Human-Centered Artificial Intelligence – Information Processing and Management Conference – Knovel
Note: This special issue is a Thematic Track at IP&MC2022. For more information about IP&MC2022, please visit https://www.elsevier.com/events/conferences/information-processing-and-management-conference.
Title of the Special Issue
Human-Centered Artificial Intelligence (VSI: IPMC2022 HCAI)
Guest Editors
Haoran Xie (Managing Guest Editor)Associate Professor,…….
Note: This special issue is a Thematic Track at IP&MC2022. For more information about IP&MC2022, please visit https://www.elsevier.com/events/conferences/information-processing-and-management-conference.

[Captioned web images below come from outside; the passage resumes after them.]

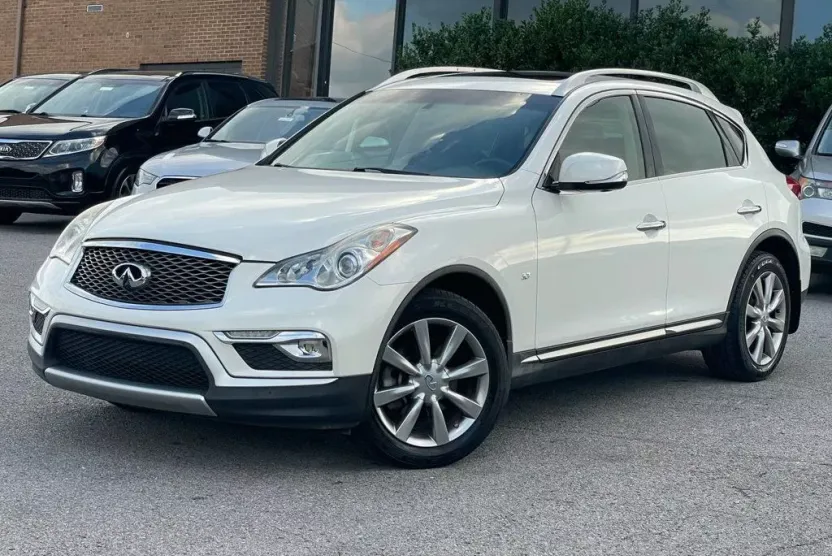 2016 Infiniti QX50 AWD photo 1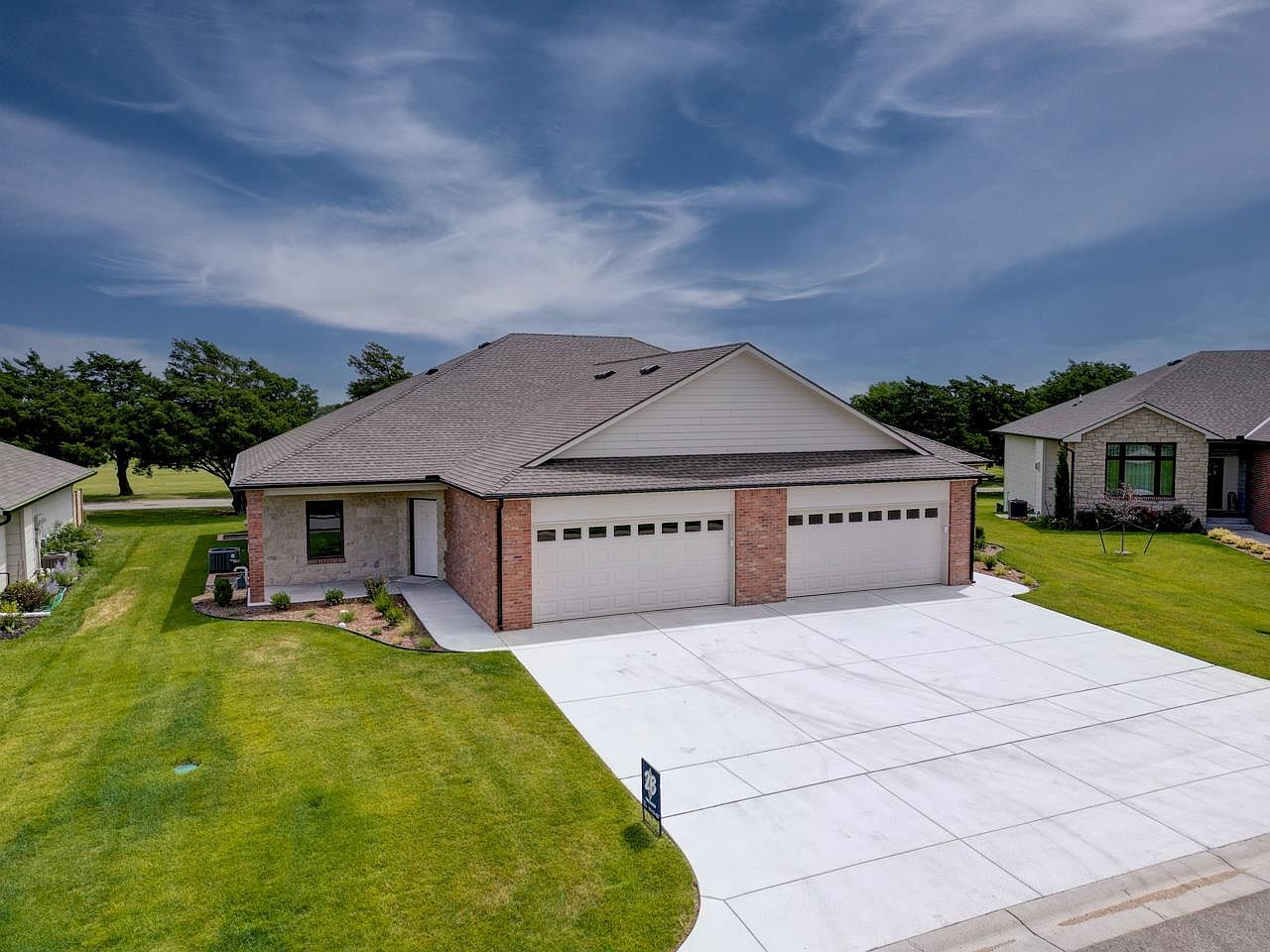 3112 Long Ct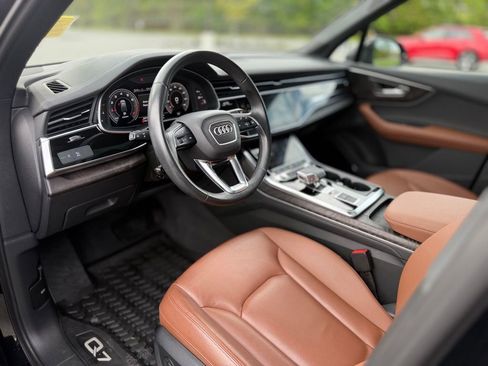 Used 2023 Audi Q7 2.0T Premium Plus w/ Premium Plus Package AWD/4WD image 13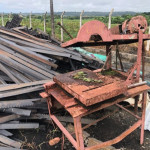 02 VALVULAS FERRO FUNDIDO DE 8 E 10", 02 MANCAIS DE FERRO FUNDIDO, 02 BALANÇAS DE AC, 01 TANQUE DE FIBRA QUEBRADO, 01 MESA DE CORTE VERTICAL, DIVERSAS CALHAS DE PLASTICO DE RESFRIAMENTO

Title of the Special Issue
Human-Centered Artificial Intelligence (VSI: IPMC2022 HCAI)
Guest Editors
- Haoran Xie (Managing Guest Editor)
Associate Professor, Department of Computing and Decision Sciences at Lingnan University, Hong Kong, [email protected]
- Xiaohui Tao
Associate Professor, School of Sciences, University of Southern Queensland, Toowoomba, Australia, [email protected]
- Athena Vakali
Professor, Department of Informatics, Aristotle University, Thessaloniki, Greece, [email protected]
- Qiping Wang
Assistant Professor, Department of Information Management, East China Normal University, [email protected]
Background
Artificial Intelligence (AI) and machine learning, alongside the advances in decision making, prediction, knowledge extraction, and logic reasoning are widely implemented to address challenges in diverse areas, for example, chatbot, machine translation, fraud detection, content recommendation, clinical diagnosis, and autonomous devices. Effective and prevalent as AI is in real-world scenarios, AI-based systems also raise scholars’ and practitioners’ concerns about bias, discrimination, result interpretability, algorithmic transparency, and malicious use of AI. Indeed, “today’s most pressing questions in AI are Human-Centered”, as pointed out by Dr. Perter Norvig in Stanford HAI (Lynch 2021). Such knowledge and concerns on HCAI motivated this Special Issue as an exploration of the matter in the era of Artificial Intelligence.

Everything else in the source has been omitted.